Hip hip hooray, ab morgen haben in ganz Deutschland (wenn schon nicht die Konzertsäle und Opernhäuser) die BUCHLÄDEN wieder geöffnet! Indessen habe ich im Shutdown einen Brief an Ludwig van Beethoven verfasst – für eine Reihe des Deutschlandfunk-Musikjournals. „Lieber Ludwig, Scheiß Er sie voll!“, wurde mein Brief dort übertitelt. Aber ehrlich gesagt, das würde ich niemals schreiben.

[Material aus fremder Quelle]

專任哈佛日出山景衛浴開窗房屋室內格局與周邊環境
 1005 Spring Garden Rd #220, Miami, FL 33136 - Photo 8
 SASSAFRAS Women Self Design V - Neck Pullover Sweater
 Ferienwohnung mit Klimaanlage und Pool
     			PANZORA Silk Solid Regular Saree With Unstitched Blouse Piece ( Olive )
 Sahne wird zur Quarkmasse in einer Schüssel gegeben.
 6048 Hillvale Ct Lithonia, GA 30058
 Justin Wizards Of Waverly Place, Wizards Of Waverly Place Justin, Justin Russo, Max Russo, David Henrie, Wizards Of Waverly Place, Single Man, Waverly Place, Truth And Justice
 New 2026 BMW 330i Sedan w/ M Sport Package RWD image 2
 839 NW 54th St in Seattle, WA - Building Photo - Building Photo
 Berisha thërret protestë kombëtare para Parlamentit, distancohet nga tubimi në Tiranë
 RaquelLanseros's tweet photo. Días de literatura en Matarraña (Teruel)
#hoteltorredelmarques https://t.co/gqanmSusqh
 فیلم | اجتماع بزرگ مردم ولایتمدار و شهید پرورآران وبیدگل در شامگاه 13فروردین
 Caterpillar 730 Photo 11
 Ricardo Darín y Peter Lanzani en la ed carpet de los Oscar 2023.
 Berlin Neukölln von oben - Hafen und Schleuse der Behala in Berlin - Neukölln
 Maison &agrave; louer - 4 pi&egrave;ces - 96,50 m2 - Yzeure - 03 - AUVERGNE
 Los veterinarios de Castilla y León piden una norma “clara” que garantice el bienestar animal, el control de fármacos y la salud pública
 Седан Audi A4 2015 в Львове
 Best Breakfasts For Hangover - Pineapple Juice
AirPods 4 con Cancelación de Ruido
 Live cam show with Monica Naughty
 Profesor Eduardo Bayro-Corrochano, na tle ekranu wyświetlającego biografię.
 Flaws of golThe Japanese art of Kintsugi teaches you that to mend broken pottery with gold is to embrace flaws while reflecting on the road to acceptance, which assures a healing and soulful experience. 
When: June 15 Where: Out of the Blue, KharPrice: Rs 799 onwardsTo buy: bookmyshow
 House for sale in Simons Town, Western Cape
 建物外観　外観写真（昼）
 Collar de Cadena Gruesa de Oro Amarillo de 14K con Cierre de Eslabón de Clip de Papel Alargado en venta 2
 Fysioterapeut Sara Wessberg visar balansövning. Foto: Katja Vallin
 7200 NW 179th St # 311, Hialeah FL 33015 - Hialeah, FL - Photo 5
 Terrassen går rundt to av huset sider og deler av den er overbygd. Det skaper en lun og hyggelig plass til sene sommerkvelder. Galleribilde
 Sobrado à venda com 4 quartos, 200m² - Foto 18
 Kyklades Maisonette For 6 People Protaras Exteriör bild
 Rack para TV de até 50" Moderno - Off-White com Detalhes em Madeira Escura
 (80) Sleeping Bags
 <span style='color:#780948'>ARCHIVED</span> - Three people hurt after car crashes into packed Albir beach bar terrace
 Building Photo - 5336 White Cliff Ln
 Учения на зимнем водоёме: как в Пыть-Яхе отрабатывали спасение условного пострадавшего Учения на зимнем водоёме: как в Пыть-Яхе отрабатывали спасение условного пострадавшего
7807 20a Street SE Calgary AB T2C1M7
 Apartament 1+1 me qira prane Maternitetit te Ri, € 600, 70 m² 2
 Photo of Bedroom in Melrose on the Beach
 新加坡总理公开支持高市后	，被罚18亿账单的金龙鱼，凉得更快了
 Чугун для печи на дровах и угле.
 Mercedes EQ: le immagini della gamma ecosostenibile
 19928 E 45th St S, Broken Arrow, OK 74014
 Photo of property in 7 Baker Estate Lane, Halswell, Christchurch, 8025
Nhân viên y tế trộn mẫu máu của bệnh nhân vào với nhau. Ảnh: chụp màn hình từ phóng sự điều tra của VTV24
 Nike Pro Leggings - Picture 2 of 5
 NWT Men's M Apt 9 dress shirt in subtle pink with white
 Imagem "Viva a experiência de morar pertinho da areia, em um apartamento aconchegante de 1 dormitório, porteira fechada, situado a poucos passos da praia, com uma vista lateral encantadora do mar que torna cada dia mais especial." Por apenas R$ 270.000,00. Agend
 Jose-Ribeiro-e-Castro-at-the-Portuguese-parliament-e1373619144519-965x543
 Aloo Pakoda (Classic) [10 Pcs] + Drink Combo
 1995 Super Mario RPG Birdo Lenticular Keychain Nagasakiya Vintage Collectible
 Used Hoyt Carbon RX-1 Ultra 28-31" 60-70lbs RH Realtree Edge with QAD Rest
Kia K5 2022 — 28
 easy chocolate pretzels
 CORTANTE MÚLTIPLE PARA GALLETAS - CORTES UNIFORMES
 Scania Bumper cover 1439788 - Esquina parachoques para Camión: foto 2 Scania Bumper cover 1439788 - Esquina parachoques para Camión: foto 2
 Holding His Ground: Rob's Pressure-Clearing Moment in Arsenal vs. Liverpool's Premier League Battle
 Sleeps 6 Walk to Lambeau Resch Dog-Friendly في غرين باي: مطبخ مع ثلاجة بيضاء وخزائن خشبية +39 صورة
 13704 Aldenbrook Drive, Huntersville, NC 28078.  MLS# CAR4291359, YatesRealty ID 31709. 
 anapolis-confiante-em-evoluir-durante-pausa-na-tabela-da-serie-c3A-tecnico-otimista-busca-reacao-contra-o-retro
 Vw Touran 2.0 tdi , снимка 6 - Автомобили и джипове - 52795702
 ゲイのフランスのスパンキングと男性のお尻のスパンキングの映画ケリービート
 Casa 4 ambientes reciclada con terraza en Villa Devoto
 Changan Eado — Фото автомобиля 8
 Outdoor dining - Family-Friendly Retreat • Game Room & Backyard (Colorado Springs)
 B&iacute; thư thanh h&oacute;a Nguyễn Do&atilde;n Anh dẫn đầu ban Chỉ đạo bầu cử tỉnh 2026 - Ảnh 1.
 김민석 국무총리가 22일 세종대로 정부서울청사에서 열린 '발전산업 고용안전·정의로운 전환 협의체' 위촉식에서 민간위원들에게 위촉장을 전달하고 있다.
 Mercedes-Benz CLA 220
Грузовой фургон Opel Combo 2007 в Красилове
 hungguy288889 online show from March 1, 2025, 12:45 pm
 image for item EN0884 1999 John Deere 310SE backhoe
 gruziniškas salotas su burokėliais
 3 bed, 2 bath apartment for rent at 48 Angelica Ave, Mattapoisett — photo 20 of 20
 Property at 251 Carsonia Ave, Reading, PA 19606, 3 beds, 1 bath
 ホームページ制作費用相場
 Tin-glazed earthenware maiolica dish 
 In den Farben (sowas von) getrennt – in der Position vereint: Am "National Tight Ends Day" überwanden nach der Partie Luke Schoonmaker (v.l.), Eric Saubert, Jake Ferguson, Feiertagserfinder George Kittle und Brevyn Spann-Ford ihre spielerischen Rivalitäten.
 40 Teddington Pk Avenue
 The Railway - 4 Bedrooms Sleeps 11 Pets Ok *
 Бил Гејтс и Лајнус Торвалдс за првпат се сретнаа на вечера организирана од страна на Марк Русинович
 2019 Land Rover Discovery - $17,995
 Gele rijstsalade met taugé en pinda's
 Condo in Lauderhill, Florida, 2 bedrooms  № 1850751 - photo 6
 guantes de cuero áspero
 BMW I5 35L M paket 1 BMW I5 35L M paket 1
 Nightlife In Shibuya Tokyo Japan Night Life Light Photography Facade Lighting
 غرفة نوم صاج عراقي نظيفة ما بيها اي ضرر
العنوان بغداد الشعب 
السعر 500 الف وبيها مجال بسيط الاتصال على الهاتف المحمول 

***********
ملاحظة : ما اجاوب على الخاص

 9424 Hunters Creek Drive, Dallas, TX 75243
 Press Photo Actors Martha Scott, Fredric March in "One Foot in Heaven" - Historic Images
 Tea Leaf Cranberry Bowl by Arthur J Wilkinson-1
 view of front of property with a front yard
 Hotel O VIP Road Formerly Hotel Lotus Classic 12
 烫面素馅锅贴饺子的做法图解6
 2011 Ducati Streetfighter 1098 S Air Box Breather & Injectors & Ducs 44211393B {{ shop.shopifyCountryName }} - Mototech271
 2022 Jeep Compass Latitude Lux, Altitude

Denn wer dürfte sich das erlauben – lieber Ludwig?!? Dies also ist mein Brief an Beethoven:

Sehr geehrter, nein: höchstverehrter …

… und damit fangen die Probleme ja schon an! Denn eigentlich würde ich gern schreiben: lieber Herr van Beethoven, herzallerliebster Herr van Beethoven. Aber das geht natürlich nicht, das sieht wohl jeder ein.

Und da wären wir schon beim nächsten Problem: Sieze ich Sie oder duze ich Dich? Siezen ist zu distanziert, wenn man wen liebt; Duzen zu kumpelhaft, wenn einer derart fern ist. Ich glaube, ich werde es darum wie Ignaz Schuppanzigh machen, dieser adipöse Geiger, der Ihre-Deine späten Streichquartette uraufführte. Der erzte nämlich alle Menschen, furchtbar altmodisch schon damals. „Scheiß Er sie voll!“, war Schuppanzighs schöner Rat zum Umgang mit einem verständnislosen Publikum.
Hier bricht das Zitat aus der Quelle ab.